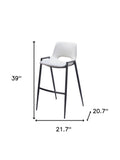 Set of Two 30" White And Black Faux Leather And Fabric And Steel Low Back Bar Height Bar Chairs on a white background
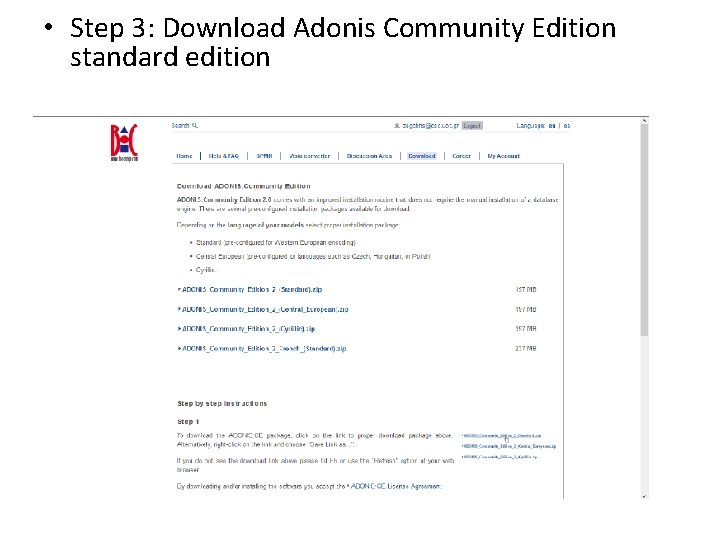  • Step 3: Download Adonis Community Edition standard edition 
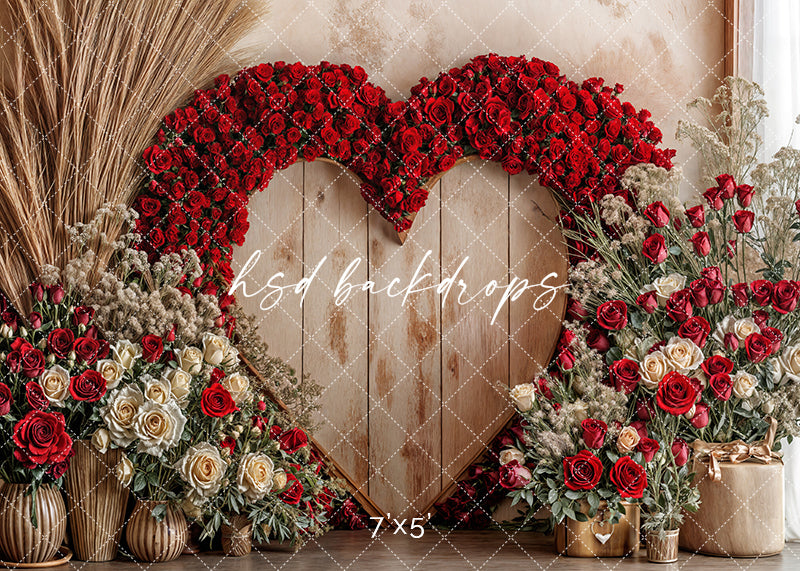Boho Valentine's Heart Arch (sweep options) - HSD Photography Backdrops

§ **Required work**:
Exactly the lines from the one containing "Edition standard edition" through the last line of the material above, both included and free of pictures, should make up your answer, please.

§ **Result**:
  • Step 3: Download Adonis Community Edition standard edition 
Boho Valentine's Heart Arch (sweep options) - HSD Photography Backdrops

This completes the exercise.